I didn't mean to come across as aggressive, and apologise if I did.

>I saw a photograph from you in Mainz and I thought, why the guy is always
>so aggressive towards me since 1997, he looks so peaceful.

I like to think that I actually am rather peaceful, but I'll leave the
judgment to others.

>Something is wrong here. 14 certainly wasn't meaningful, it
>was thought to be just a high number.

My point is that it isn't a high number at all.  Pick any chess program you
want, and it will contain much more than 14 well known techniques which
have been used in chess programs for a decade or more.  By your definition,
basically everything except Symbolic would be labeled a clone.  Chess
programming has come quite far, and improving substantially on the
published algorithms isn't easy.

To some extent, chess programming is still a matter of finding new
and clever ideas, but mostly it is a matter of implementing and combining
the known techniques in an elegant, efficient and bug-free way.  This is
much more difficult than it sounds.

>But ok, you answered at least. - Now my question: what afterall did you
>invent yourself in computerchess programming?

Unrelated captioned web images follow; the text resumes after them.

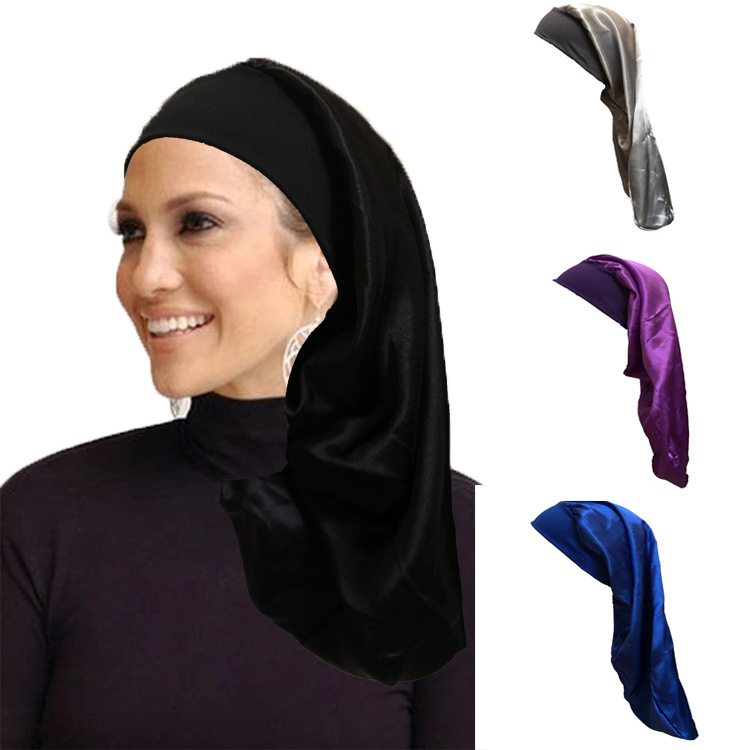 跨境高弹针织布带拼接修女帽 穆斯林帽 护发长筒帽 女士宽边头套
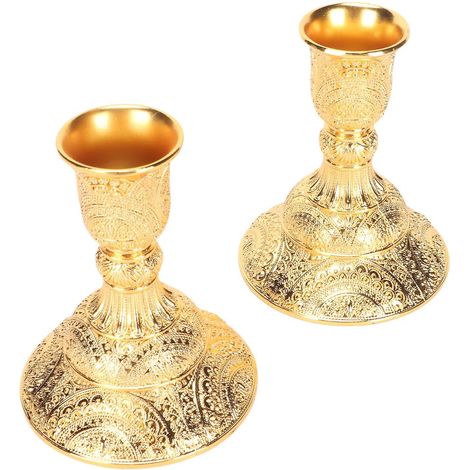 Set aus 2 dekorativen, goldfarbenen Vintage-Kerzenhaltern, anlaufbeständig, für das Wohnzimmer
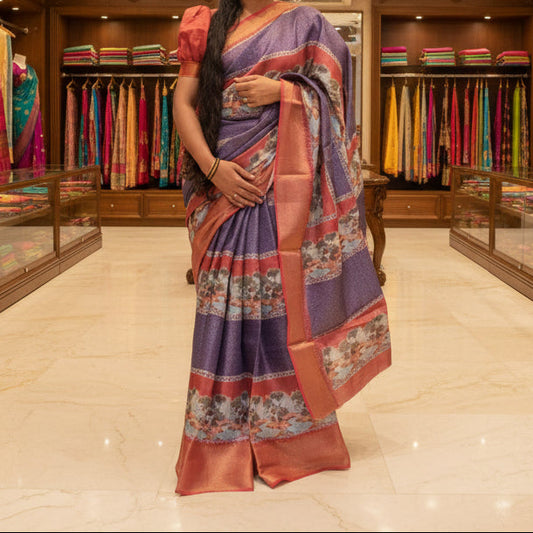 Purple with orange cotton blend kalamkari saree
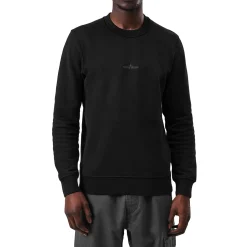 Stone Island Dial Logo Black Sweatshirt< Sweatshirts & Hoodies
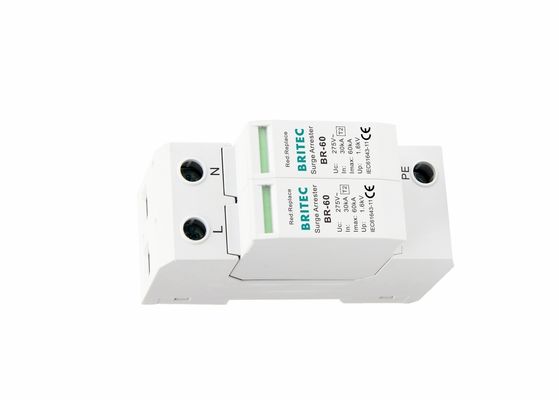 Arrestateur de surtension de courant de décharge de 60 kA avec module branchable et thermoplastique UL94-V0 pour la protection de l'alimentation en courant alternatif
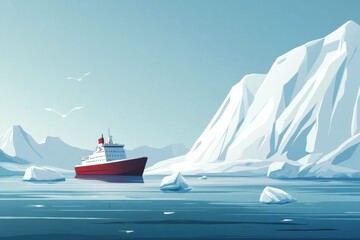 Poster - Icebergs and a ship navigate calm waters near a distant mountain range in polar environment during clear weather. Generative AI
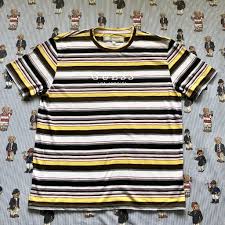 Black And White Striped Tee Bnwt Black White Yellow Striped Guess T Shirt S M White Striped Tee White Stripes Tshirt Yellow Stripes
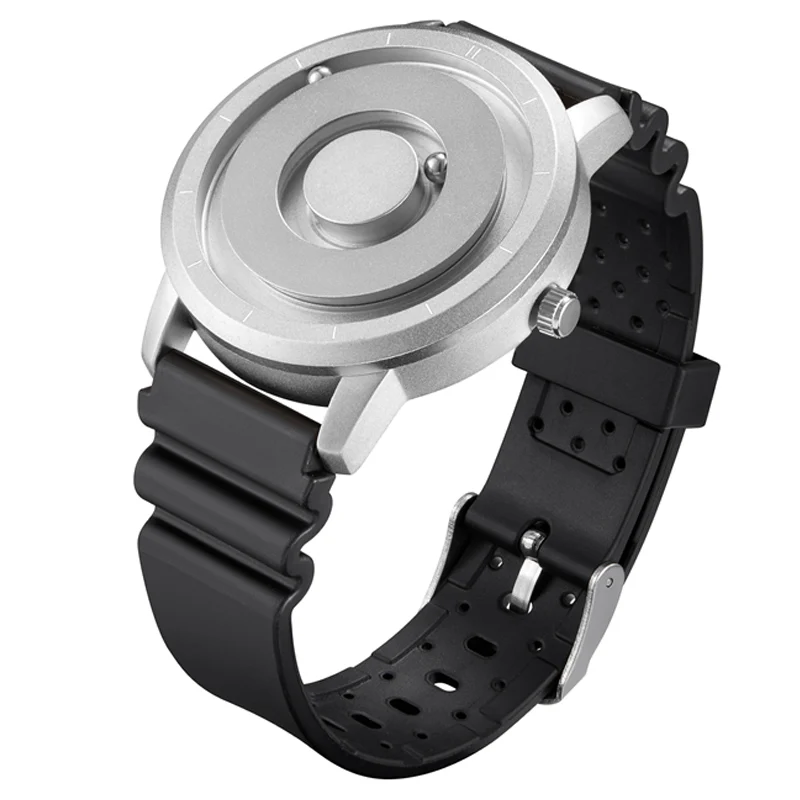 Silver Black Reloj Креативные серебряные часы черные магнитные бусины циферблат металлические многонациональные часы мужской модный, с резиновым ремешком Мужские спортивные часы - Цвет: Silver Black Reloj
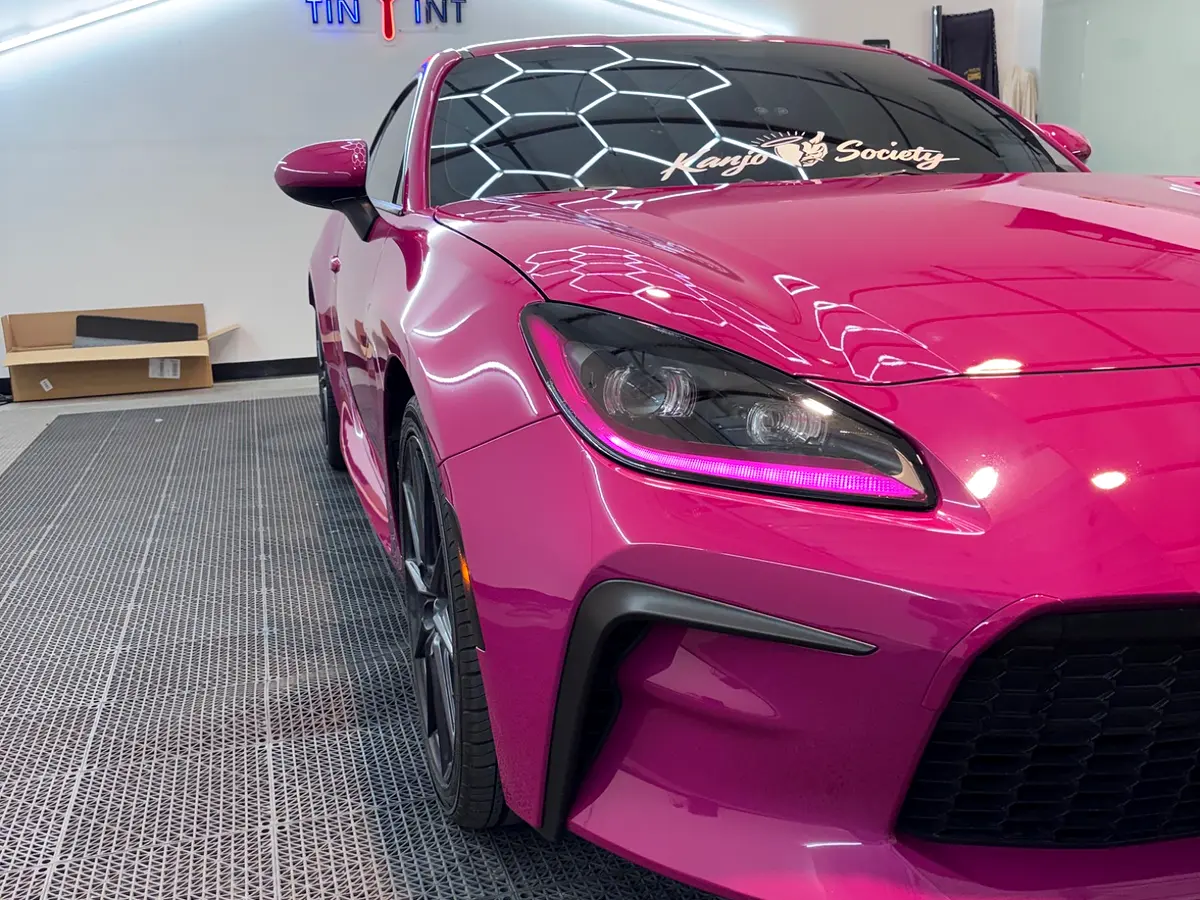 Detailed finish on pink Subaru BRZ wrap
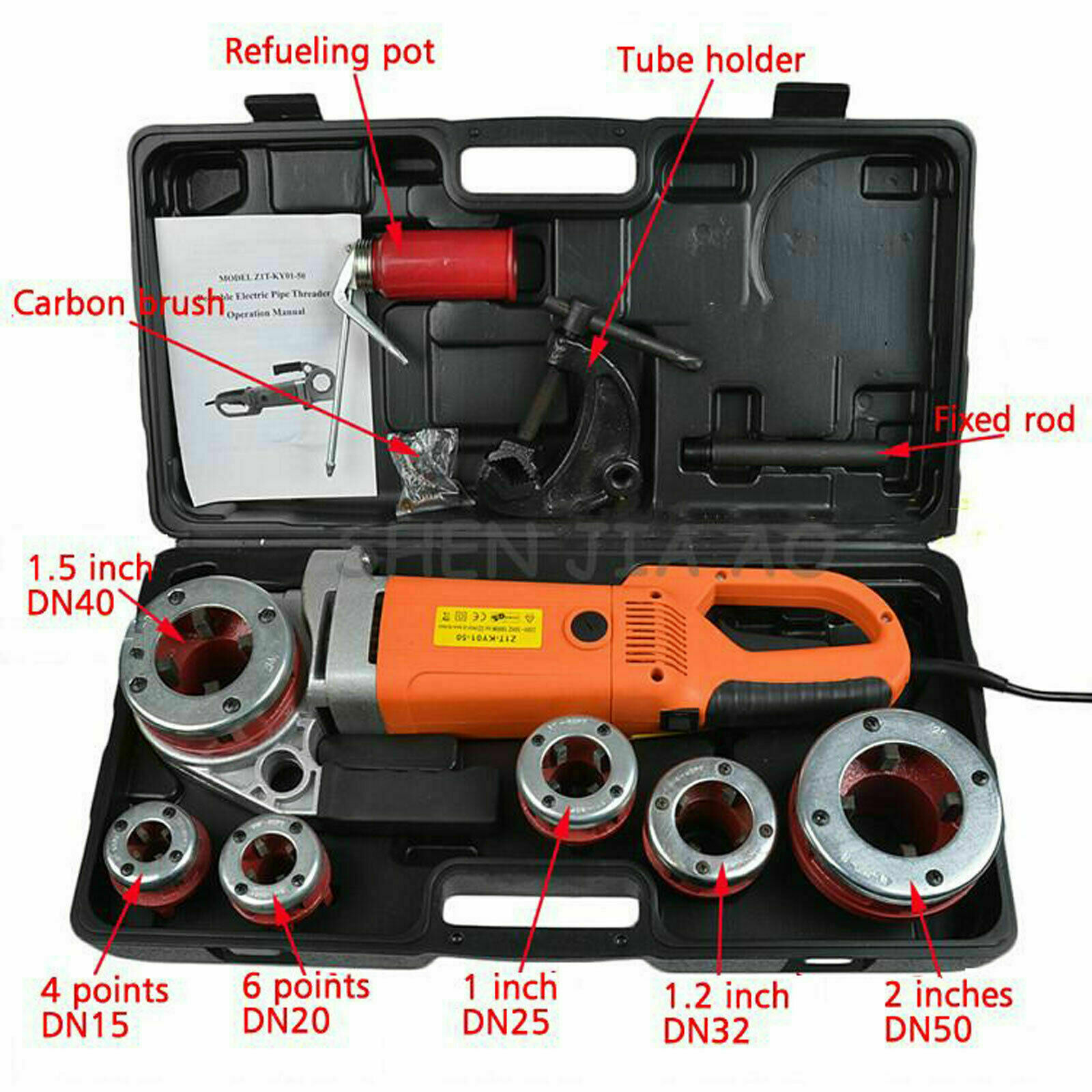 2300W Electric Pipe Threading Machine 1/2″ to 2″ with 6 Dies Set, 110V 25RPM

I was a chess player in my youth, but I always found chess playing to
be a very taxing endeavor.  It just required too much concrete, deep,
exact calculations for my taste.  I eventually decided that it was exactly
the kind of task that was better suited for machines than for humans,
and started writing a program.

>And second question: why - after all these copies - is your program not among
>the winning ones at tournaments?

This is a somewhat strange question.  If you are talking about informal engine
vs
engine tournaments run by users, my program has of course won a lot of them.
If you are talking about OTB tournaments, I have only participated in one, and
I don't think I can count 0 wins in 1 tournament as a big failure.

I guess what you really meant to ask was why my program is not among the
strongest.  There are countless reasons for this; the two most important are
lack of programming skills and lack of ambition.

>Please answer without the usual hatred please.

I've tried, I hope you are not too disappointed.